Stevenson says NPA ignores queer concerns

'Why is our gay candidate token and other gay candidates a measure of diversity?': Ladner


Tim Stevenson, Vancouver’s only openly gay city councillor, secured his party’s nomination last month to seek a third term on council in the upcoming municipal election, Nov 15.

If re-elected, Stevenson says he will lobby for a stronger queer presence in city hall —something he claims the NPA, which currently holds a majority of the seats on council, has ignored.

“The NPA really have had a dreadful term, particularly in regard to the GBLT community,” he says. “The most they have done is proclaim Pride Week. Well, every administration has proclaimed Pride Week. Big deal!”

Under former COPE mayor Larry Campbell, Stevenson was appointed liaison to the queer community, a position he says he took great pride in. “As soon as the NPA came in, they shut it down,” says Stevenson, “They’ve let it go and took it for granted.”

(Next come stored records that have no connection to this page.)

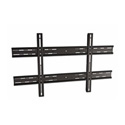Chief MSBUB Universal Flat Panel Interface Bracket (30-50 Inch Displays)
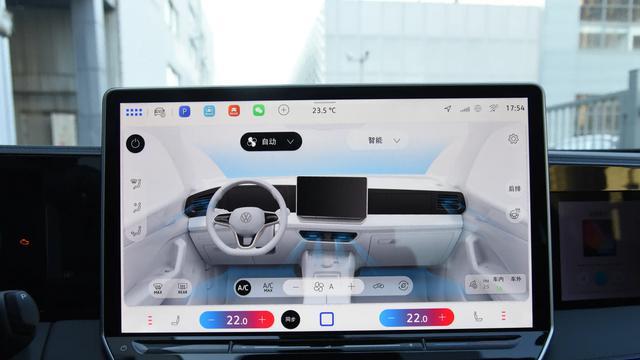 2025款途观L Pro到店，全系升级高功率2.0T，科技配置有调整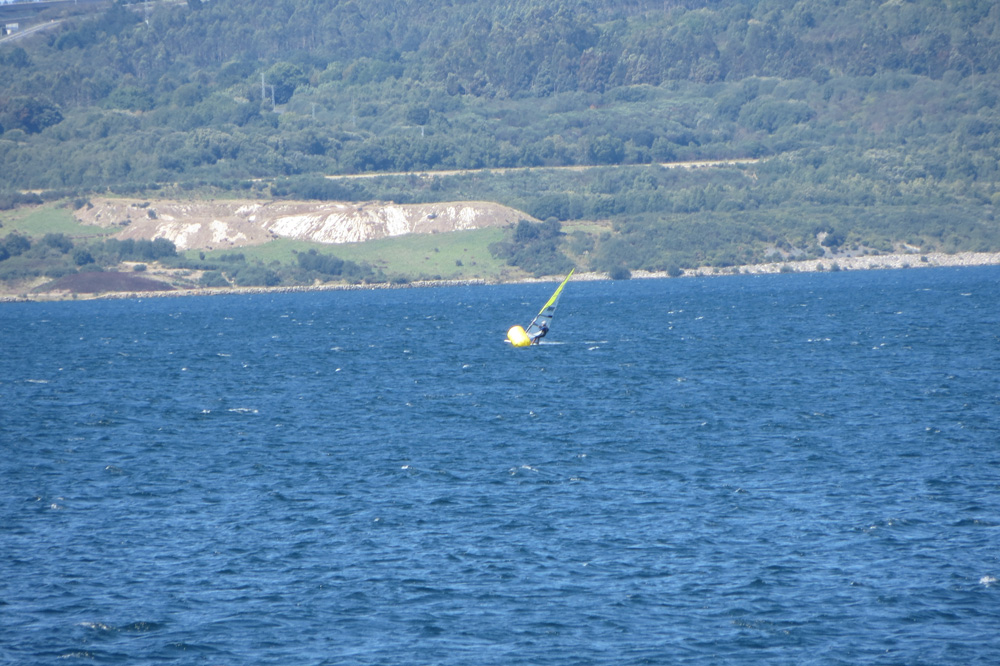 windsurf_mito_0037.jpg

Stevenson says that addressing the concerns of the queer community is an important task —one that should have never been pushed aside. “We turned the atmosphere toward gay and lesbian people completely around. We opened up city hall and made it a friendly, exciting and open place. We were saying to the community, ‘Welcome! It’s your city hall,'” he says.

But NPA mayoral hopeful Peter Ladner says gay issues are important to the NPA too and promises that his party’s gay city council nominee, Sean Bickerton, will play an important role in addressing queer issues if elected.

Ladner dismisses suggestions that the NPA scrambled to find what some critics have called a token gay candidate in Bickerton after refusing to let transsexual sex worker activist Jamie Lee Hamilton seek a spot on the party slate.

“Why is our gay candidate token and other gay candidates a measure of diversity?” asks Ladner.

Stevenson counters that the way the NPA campaign has been run —with the NPA allegedly approaching more than one gay candidate to join their camp —suggests the party was desperate to have some queer representation on board.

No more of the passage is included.